Is it a penalty or algorithm shift?
There are two factors that can cause your SEO to take a hit: an algorithm penalty or a manual penalty. Algorithm penalties are caused by Google’s updates to their search algorithm, which happens often. These updates affect how sites are prioritized or demoted within the search, most recently focusing on content quality, backlinks and anchor text distribution. Algorithm penalties are trickier to spot. You can catch them only by analyzing the stats in Google Analytics. To prevent this, keep track of Google Algorithm Updates and stay in the loop with the latest news from the industry.
Manual penalties aren’t related to algorithm updates, and are intentional demotions or removals of pages due to spammy SEO practices. Manual penalties can be detected within your Google Webmaster Tools account. The Google Search Quality Team notifies all webmasters if any type of direct violations of Google Webmaster Guidelines were made. You should regularly check for notifications within your account, even if you didn’t intentionally implement bad SEO practices. Sometimes, webmasters deliberately take shortcuts and use forbidden black hat SEO tricks (e.g. building link schemes, keyword stuffing, spammy behavior) for better rankings, but some violations are completely innocent and unintentional rule breaking. Whether it was intentional or not, you’ll need to address the violation in order to repair your SEO ranking.
Disavow bad backlinks
Backlinking is a tried and true method of boosting your SEO, but Google hates when you try to take advantage. Google considers the sites you associate with in cyberspace when it’s determining your ranking. Did you try to nab a high ranking from the start by getting backlinks from spammy sites? Google notices, and will promptly penalizing those who carry out this practice. Focus instead on getting reputable sources and trustworthy sites to link to your page based on its quality content.

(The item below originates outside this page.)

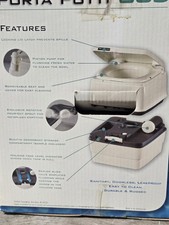 Thetford Porta Potti 365 Portable Toilet, 4 Gal Water/5.5 Gal Waste, White/Black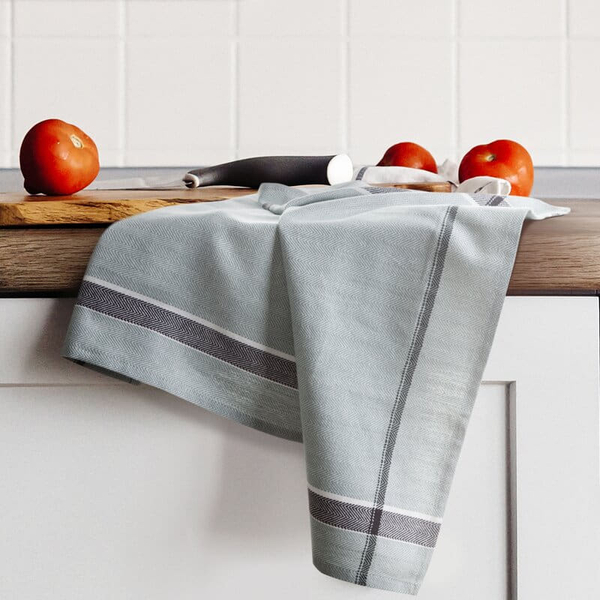 Kitchen Cloth 50 x 70 Cotton Olivia Black1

If you were penalized due to bad backlinks, you’ll need to get rid of them. Run a regular checkup of the links pointing to your domain, using tools like Majestic SEO, Ahrefs and Monitor Backlinks to run a backlink analysis and check the quality of every link, as well as anchor text distribution. It’s common practice to send requests for link removals to webmasters. If they don’t respond, you’ll need to turn to Google’s disavow tool.
Tackle the technical errors
When the Google Panda update was released in 2011, many webmasters were shaken by this algorithmic change. It impacted low-quality sites that had unresolved on-page issues like duplicate content, poor navigation structure, slow page load speeds, error response codes, etc. These site errors can prevent search engine crawlers of doing their job properly, and Google doesn’t appreciate it. Screaming Frog is a great tool to check what’s going on with your website and address the problems accurately. To bounce back from this penalty, do a full site audit in order to discover anything that might have negatively affected your rankings, then promptly fix them. Also, make sure all the pages you want to be shown in the search results are marked to be indexed.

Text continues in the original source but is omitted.